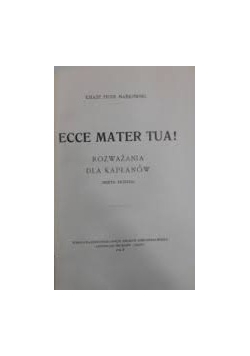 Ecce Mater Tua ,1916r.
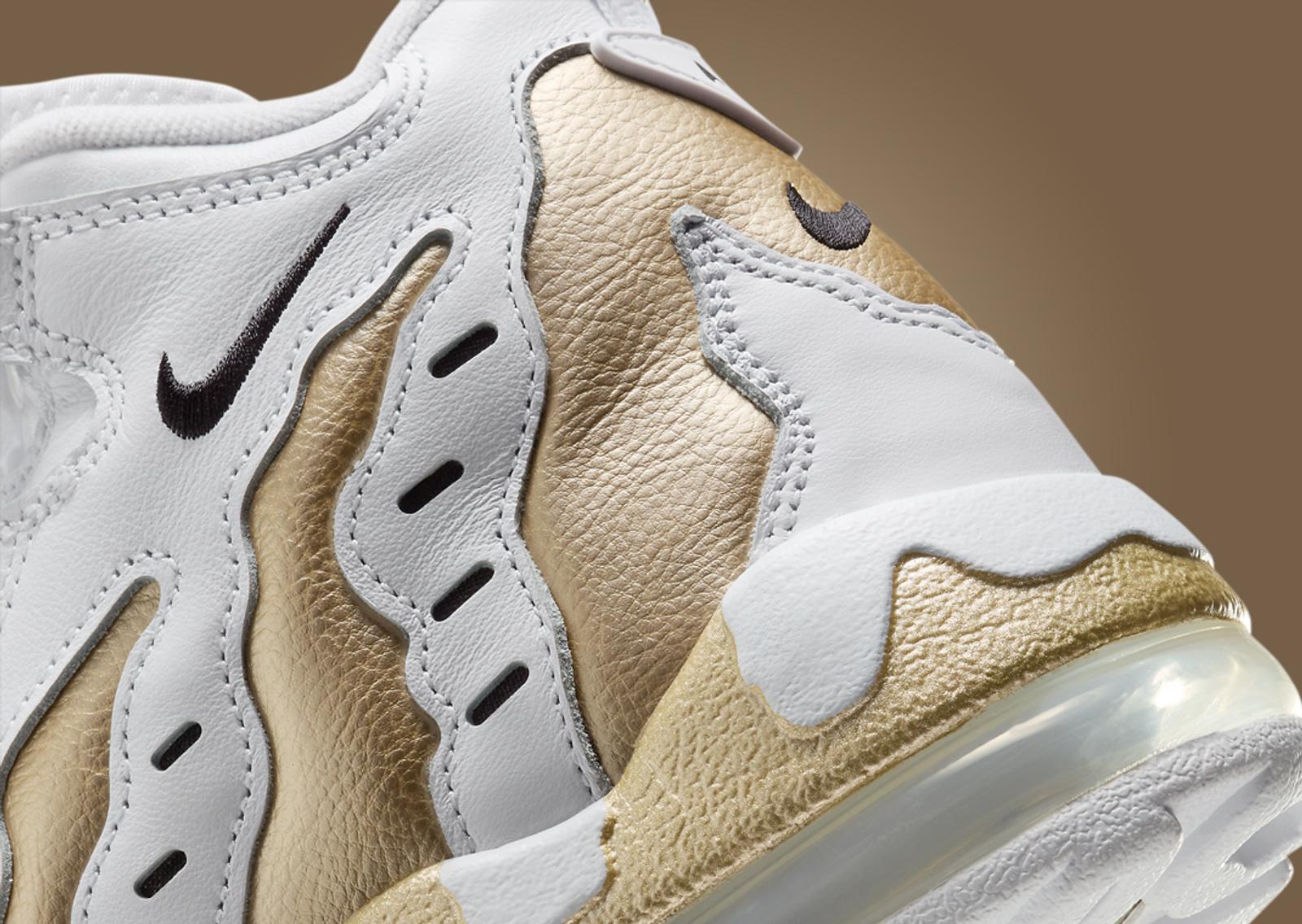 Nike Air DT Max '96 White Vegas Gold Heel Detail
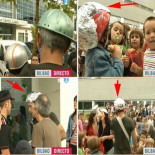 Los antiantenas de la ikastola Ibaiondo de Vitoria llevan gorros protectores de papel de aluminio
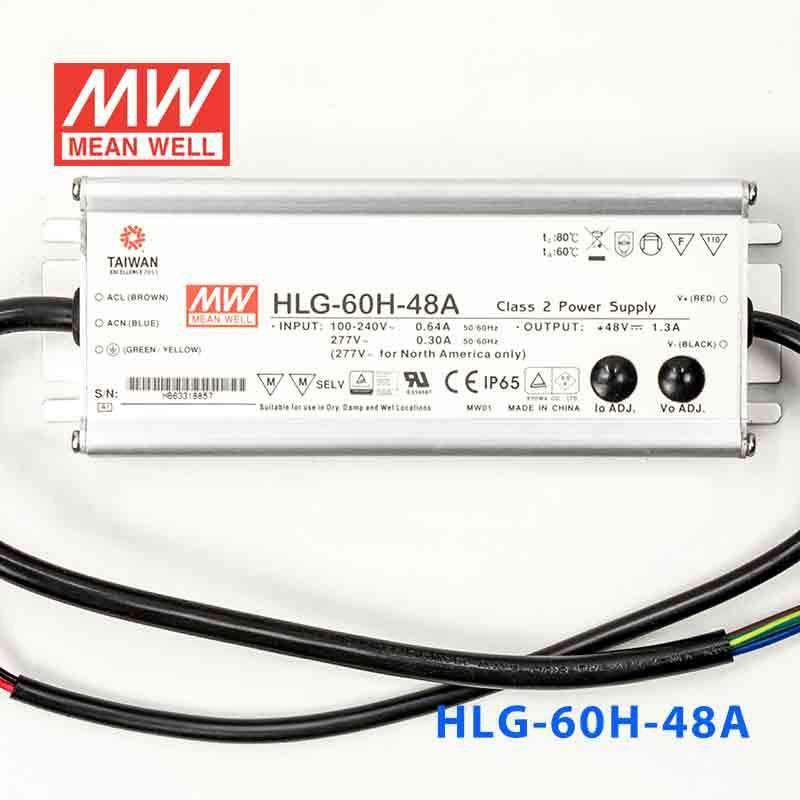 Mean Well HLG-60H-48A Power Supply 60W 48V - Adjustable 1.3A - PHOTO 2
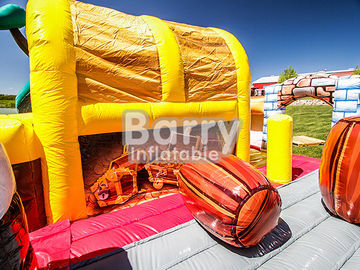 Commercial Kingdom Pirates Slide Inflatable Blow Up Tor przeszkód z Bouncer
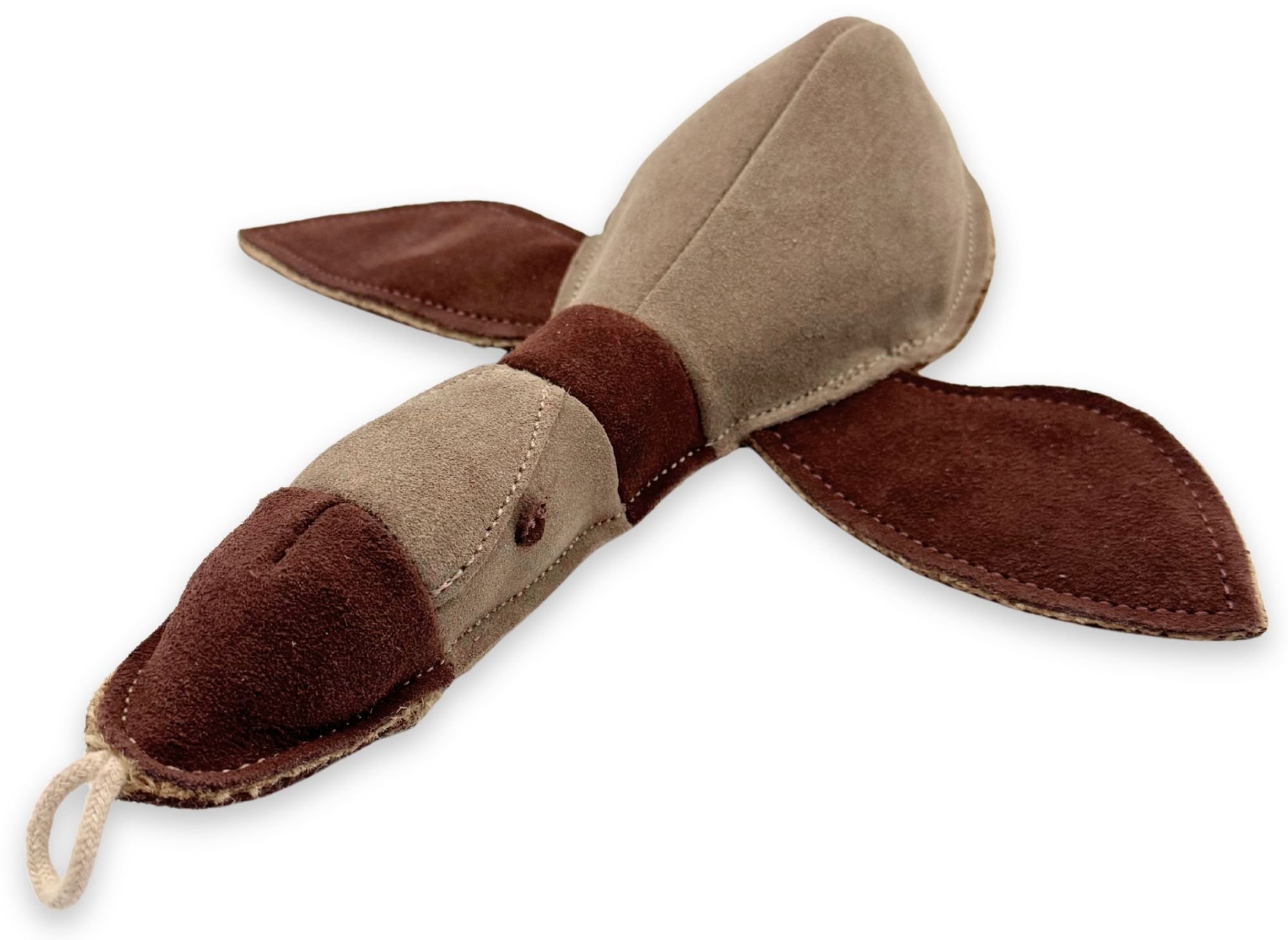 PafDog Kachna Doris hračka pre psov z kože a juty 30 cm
·····
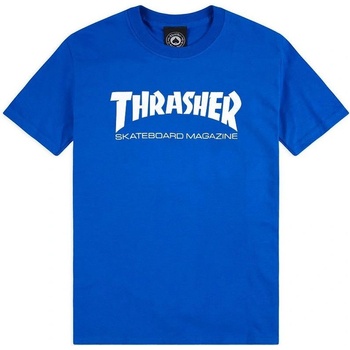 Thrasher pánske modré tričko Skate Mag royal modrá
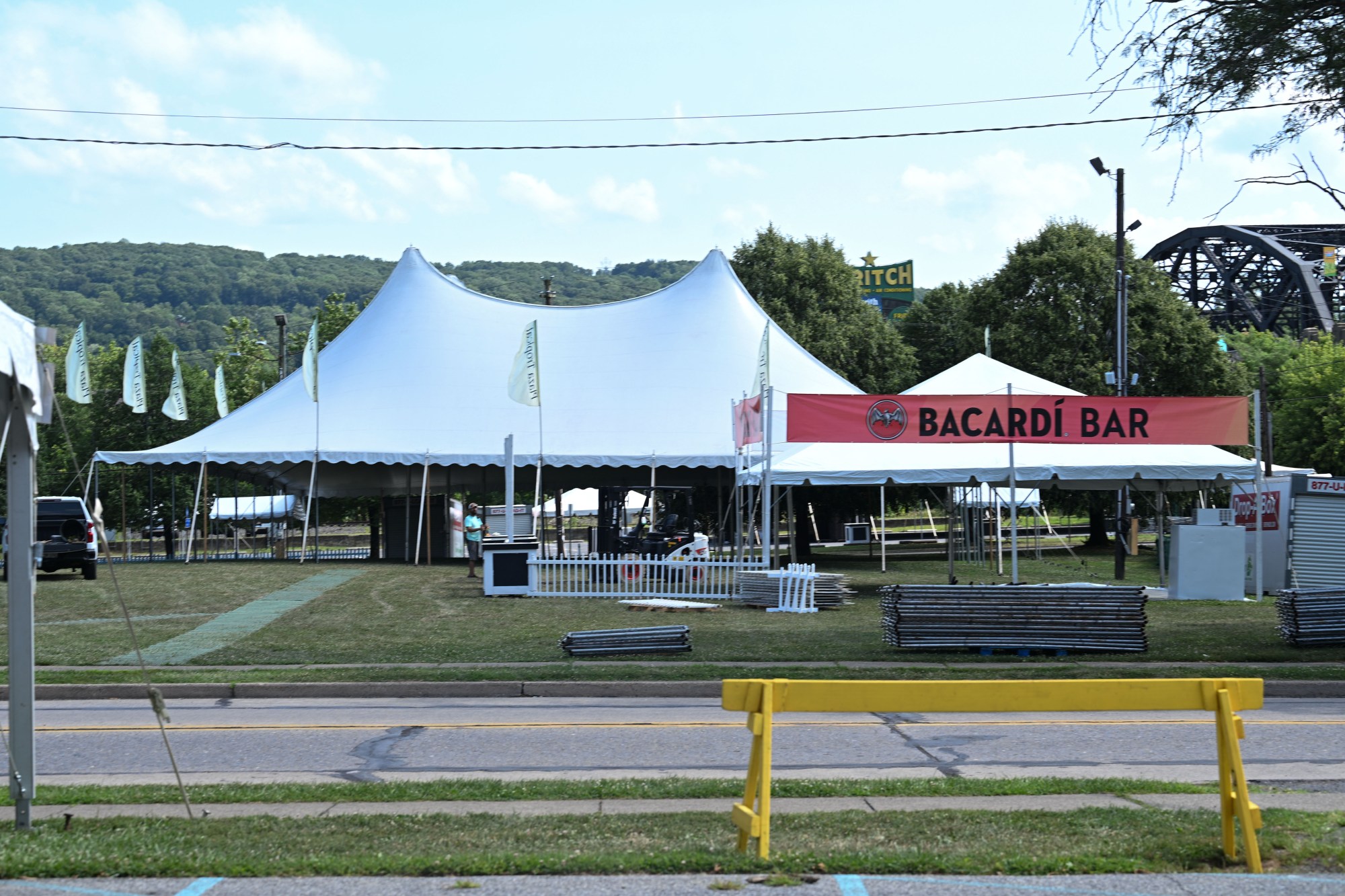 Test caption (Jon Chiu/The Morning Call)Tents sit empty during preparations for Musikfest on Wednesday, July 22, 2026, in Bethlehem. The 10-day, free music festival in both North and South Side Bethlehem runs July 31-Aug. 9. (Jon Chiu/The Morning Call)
·····
* [Exercise prompt]: Taking the material above, give again exactly the lines from the one holding "Commercial Kingdom Pirates" through the one holding "PafDog Kachna Doris", with both ends and without pictures.

* [Result below]:
 Commercial Kingdom Pirates Slide Inflatable Blow Up Tor przeszkód z Bouncer
 PafDog Kachna Doris hračka pre psov z kože a juty 30 cm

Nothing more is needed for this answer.